18. Home Updates (are slow) but We Have Good News!
I haven’t posted much about the house and the sprucing.
Well, it’s mostly destruction rather than construction.
The hole in the family room ceiling has grown from a hole to patch to a complete ceiling replacement. We’ve got the ceiling mostly demo’ed (all the way up to the attic) with piles of insulation raining down everywhere. We have plans to fix the ceiling, just haven’t gotten around to it yet.
What began as some pernicious water damage, has graduated into an entire ceiling project. Surprise!
In our typical fashion, we began another project before finishing this one: the kitchen floor.
When we moved in, the kitchen floor was a tired brown-patterned linoleum that was curling up in the corners. Very classy.
I figured we’d wait on it, peel it up later this year, cover it with ceramic tile or some of that newfangled waterproof wood-like tile, and cross it off our list when we got to it.
Instead, the Lovely Hubs began peeling one afternoon, leaving in its wake the white adhesive, painted with blooming brown water stains. Then he got to peeling that off, and beneath that film was particle board. And then that came off, to reveal grease, oil, and dirt-stained wood, punctuated with staples, nails, splinters, scribbles, and whathaveyou. Then, he got down on his hands and knees, and started sanding, beneath which, was some beautiful, remarkably unsullied pine. Who knew? Apparently the Hubs and his magic floor intuition.

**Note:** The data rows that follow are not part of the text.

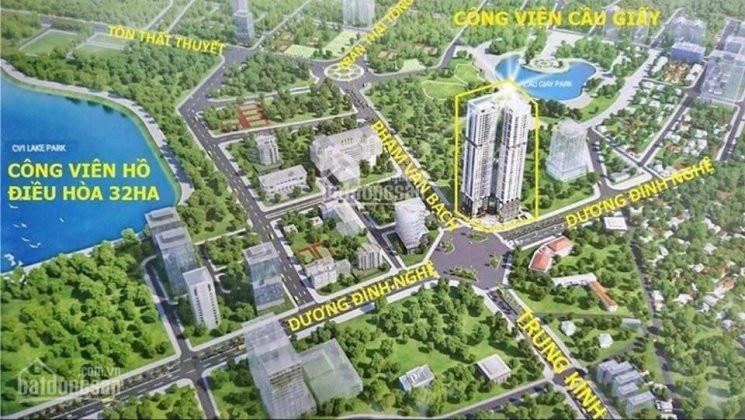 Không Xem Phí Cả đời-golden Park An Cư đẳng Cấp Cuộc Sống Xanh Giữa Lòng Thủ đô,quà Chào Xuân 150tr 3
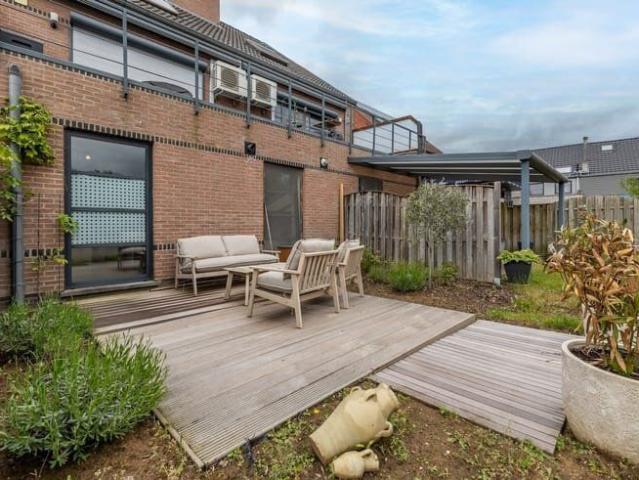 Appartement location à Montaigu-zichem, Brabant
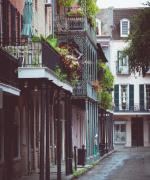 French Quarter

So that’ll be the next magic to work.
Meanwhile, while weeding today, I found something lovely: our first strawberry! With the frost and then the soaking rain, I feared that a lot of our warm-weather crops wouldn’t fair too well, but finding fruit was a wonderful surprise. So we’re officially producing produce!
Meanwhile, the hens remain the stars of the farm show, laying like an egg harem, and I’m getting egg-rich, because I won’t start the market for another couple of weeks. Not that having a healthy cache of eggs is bad news: it’ll be great when I can get to market. Just that I would rather they be a little fresher for my future customers than a couple of weeks old.
So that’s all the news that’s fit to print right now. Maybe I’ll find some more farm surprising as I make my way down the rows weeding, uncovering spring secrets.